Are there any non-human animals that have been observed killing other animals, not for food, but just to amuse themselves?
Do any non-human animals torture other species for the sole purpose of entertainment?
Thanks.
Are there any non-human animals that have been observed killing other animals, not for food, but just to amuse themselves?
Do any non-human animals torture other species for the sole purpose of entertainment?
Thanks.
I don’t know if this counts, but my cat has been seen playing with her prey before she finally does them in. I have seen her batting mice around as if they were a ball.
I don’t think it’s quite in the spirit of your question, though.
My cat.
She tortures the shit out of mice, stomping on them and batting them around before stalking off and leaving them broken and bleeding to die (or for me to put them out of their misery). This is apparently quite common in domesticated cats that aren’t constantly hungry. Domestic dogs are also known to chase and kill sheep and lambs without eating them.
Orca have also been observed playing ‘tennis’ with seals, though this site asserts that:
How do you propose we determine the motive for an animal’s actions? I think you are perhaps ascribing human emotions to a non-human.
An acquaintance of ours has a sheep farm. They have Great Pyrenese to patrol the perimeter and to protect the sheep.
In their experience, coyotes were fine (more or less). They would kill a sheep, haul it away, and eat it.
However pack of wild dogs were another issue. These were dogs that were once domesticated, but were now out on their own. They would kill several sheep and eat not eat any.
It would seem that they were killing for pleasure.
Tinker
I saw a National Geographic special on House Cats and their hunting methods.
It was amazing! Some cats kill, just for the pleasure!

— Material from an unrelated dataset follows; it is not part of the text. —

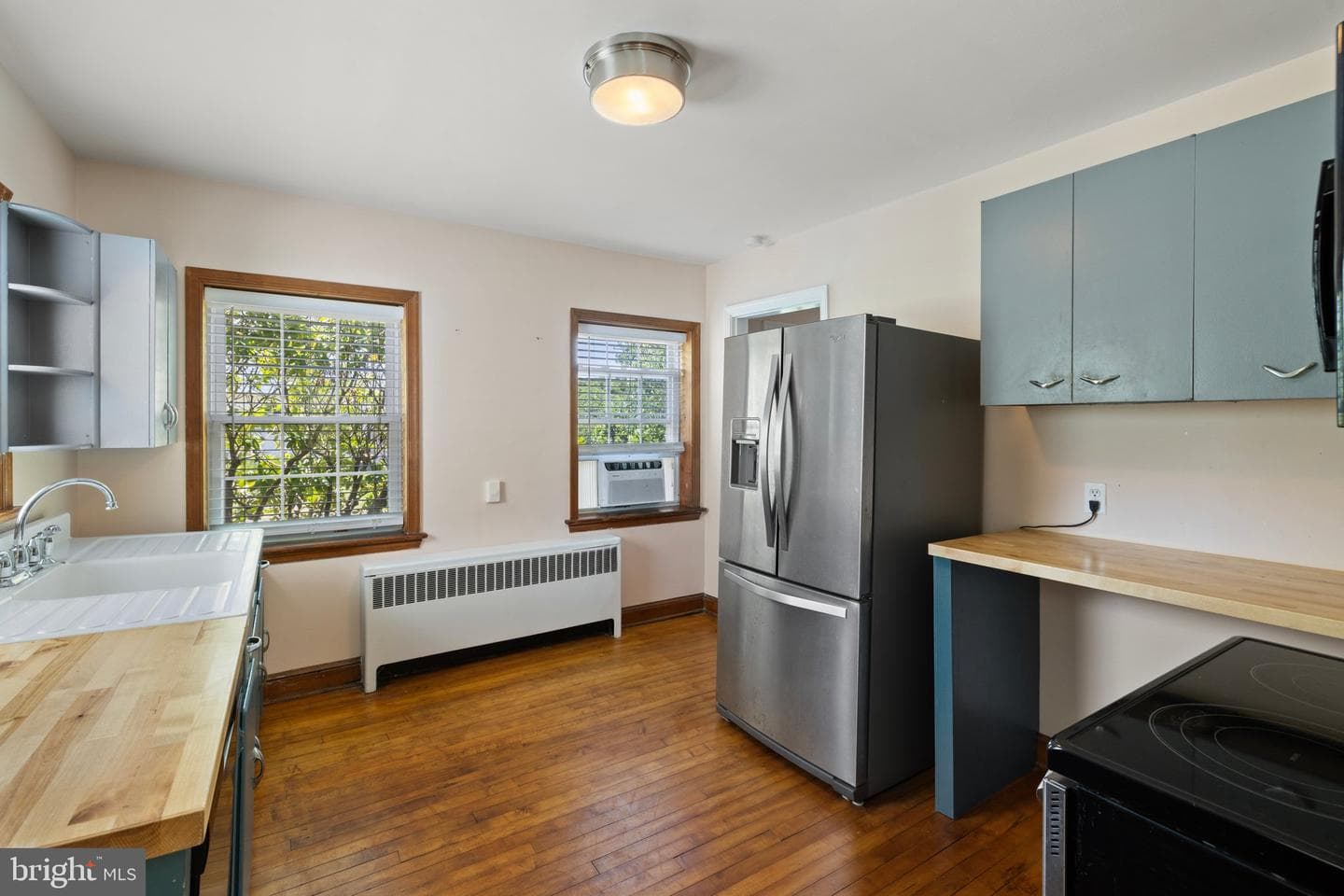 6307 Lee Street photo 17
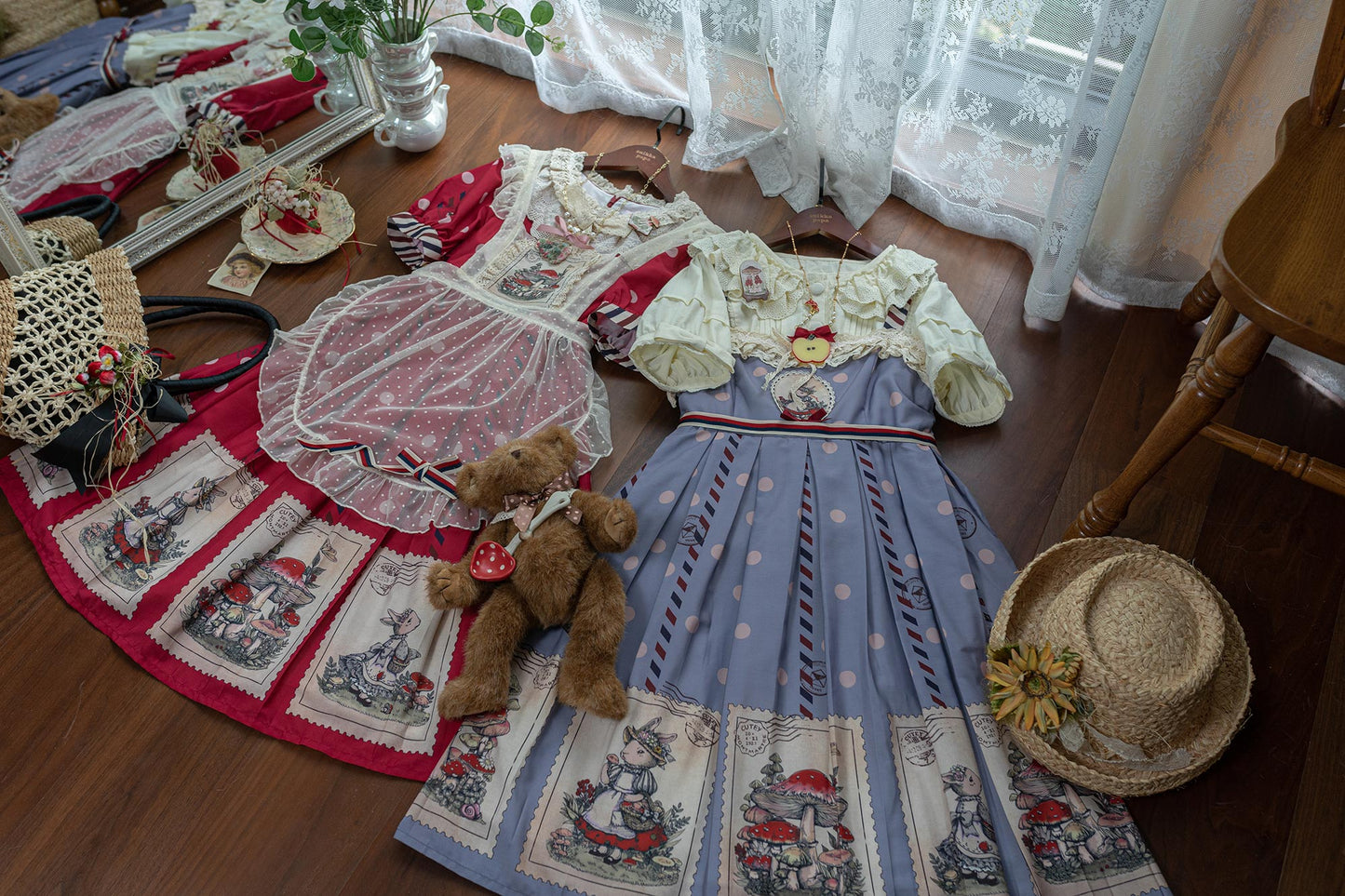 キノコとウサギの切手デザインジャンパースカート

They (NG) asked people to collect all of the “bodies” that their cats brought home or left on the ground. One lady collected close to 100 bodies in a 30 day period from her cat. They included, mice, birds, rabbits, etc!
I know I had a siamese cat that wipped out our wild rabbit population on my parents property!
MtM
Cats.
Cats and dogs. I’ve read accounts of wolves killing for fun as well. I suspect that most well fed carnivores and omnivores with access to the right prey would do it just for practice/fun.
This will be embarrassingly vague because I saw it a long time ago on TV (maybe a National Geographic…
In some unremembered locale, there were two monkey (or chimpanzee) populations - call them A and B - that a research team was watching. The researchers left the area for a short time, and upon returning, they found that population A had murdered all, or damn near all, of population B. The scientists were at a loss to explain it - I think. Maybe they came up with an explanation.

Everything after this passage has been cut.